This lesson draws together the AQA A-Level Psychology (7182) Approaches in Psychology topic with its applications, supporting the evaluation requirement that each approach be assessed partly through its real-world use. It links directly to the Psychopathology topic on Paper 1 (the behavioural, cognitive and biological treatments of phobias, depression and OCD — systematic desensitisation, flooding, CBT and drug therapy — are examined there in detail) and to Schizophrenia and other options on Paper 3 (antipsychotics, CBT for psychosis, token economies).
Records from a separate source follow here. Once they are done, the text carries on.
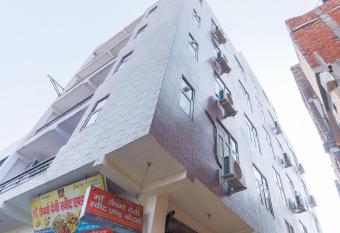 OYO Flagship 70819 Hotel Royal King allows 18 year olds to book a room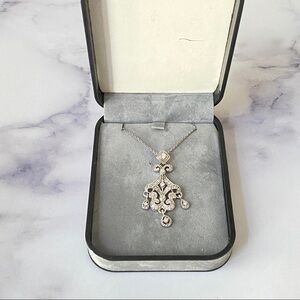 NWOT 925 Sterling Silver Sparkly Dangle Necklace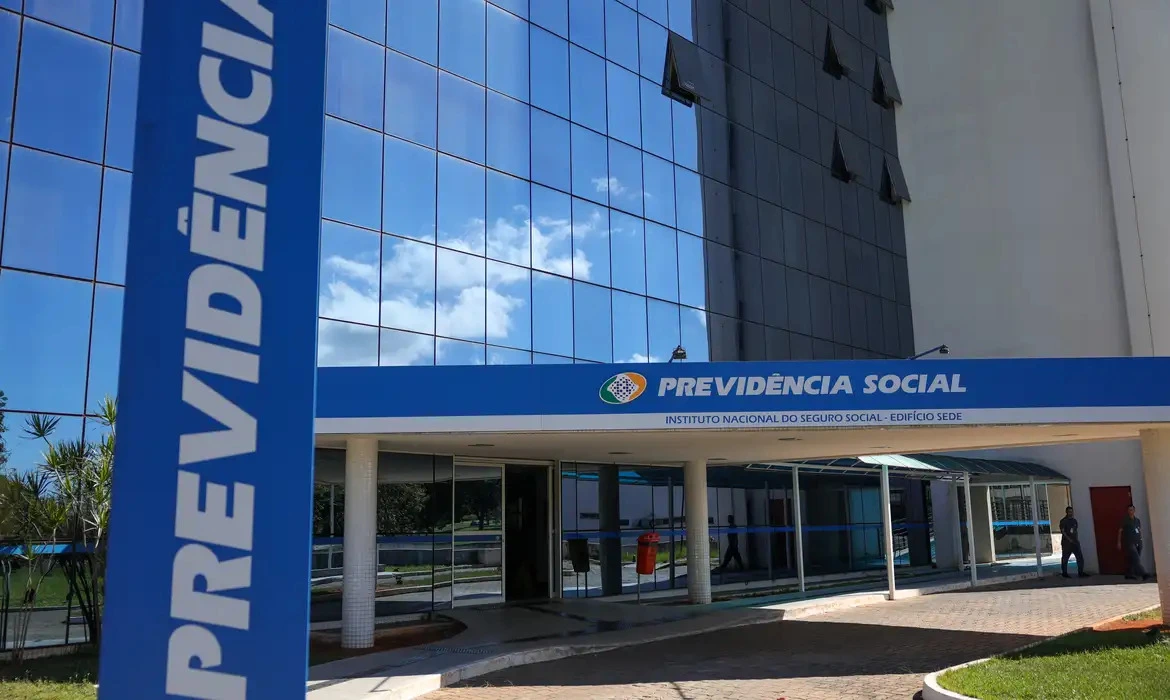 PLOA 2026 deve incluir concurso INSS para Técnico! Entenda!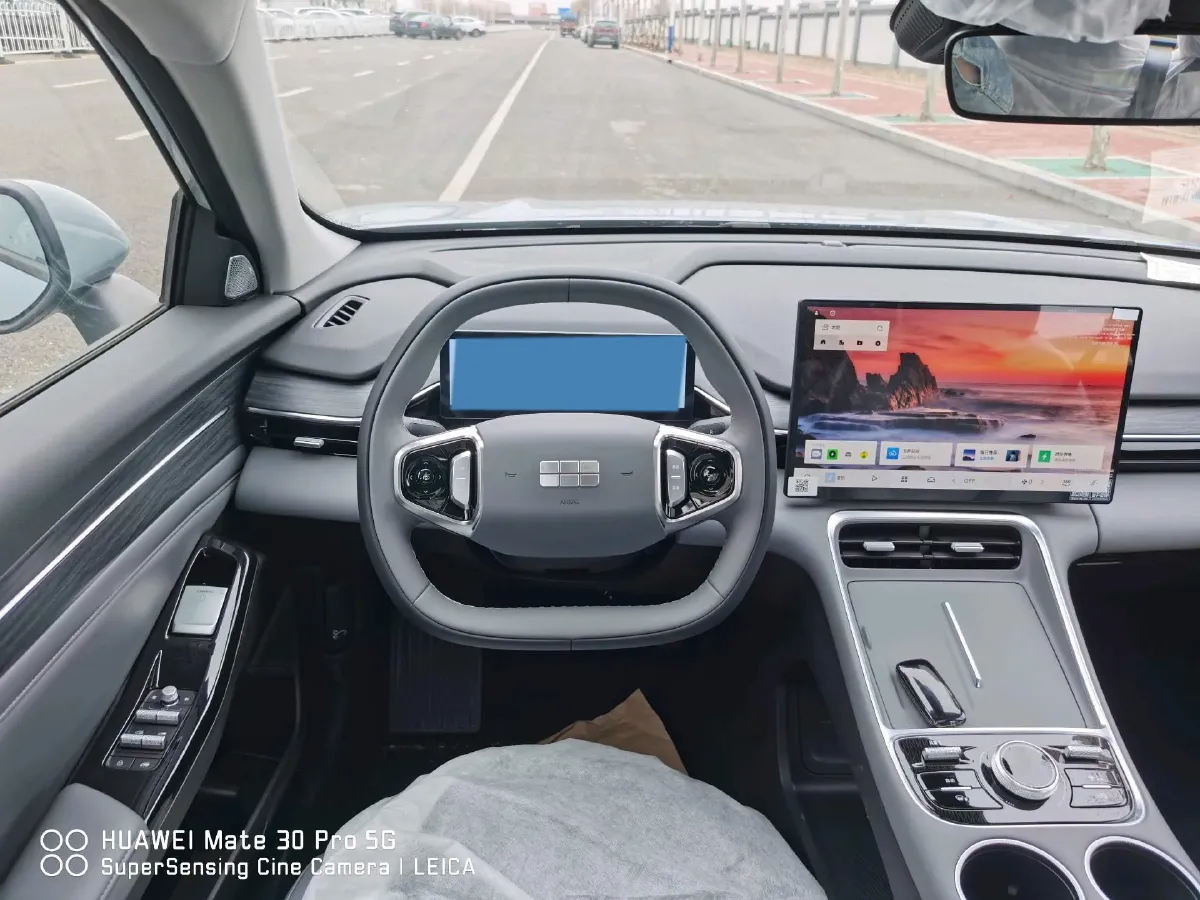 2025 Geely Galaxy L6 1.5L 112HP L4 1DHT PHEV 19.09KWH,autocango,china used car exporter,china ev exporter,chinese used car exporter,chinese used ev exporter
It also connects to the free will/determinism and ethical implications material in Issues and debates (Paper 3).
Because the behaviourist approach holds that all behaviour — including maladaptive behaviour — is learned through conditioning, its therapies aim to help the person unlearn unwanted responses and learn healthier ones.
| Therapy | Based On | How It Works | Used For |
|---|---|---|---|
| Systematic desensitisation (SD) | Classical conditioning (counter-conditioning) | The feared stimulus is gradually re-associated with relaxation instead of fear, working up an anxiety hierarchy | Phobias |
| Flooding | Classical conditioning (extinction) | The person is exposed to the feared stimulus at full intensity, without escape, until the fear response extinguishes | Phobias |
| Aversion therapy | Classical conditioning | An unpleasant stimulus (e.g. a nausea-inducing drug) is paired with an unwanted behaviour to create a negative association | Alcohol dependence, smoking |
| Token economies | Operant conditioning | Desired behaviours are reinforced with tokens (secondary reinforcers) exchangeable for rewards | Behaviour management in institutions (psychiatric wards, prisons) |
| Behaviour modification | Operant conditioning | Reinforcement and (less often) punishment systematically shape behaviour | Classroom management, parenting programmes |
Exam Tip: Systematic desensitisation has three stages: (1) constructing an anxiety hierarchy (least to most feared situations); (2) training in relaxation (e.g. deep breathing, progressive muscle relaxation); and (3) gradually working up the hierarchy while staying relaxed. It rests on reciprocal inhibition — the principle that you cannot be relaxed and anxious simultaneously, so relaxation displaces the fear. Flooding works by the different mechanism of extinction: with no avoidance possible, the feared stimulus eventually produces no fear because the feared consequence never arrives.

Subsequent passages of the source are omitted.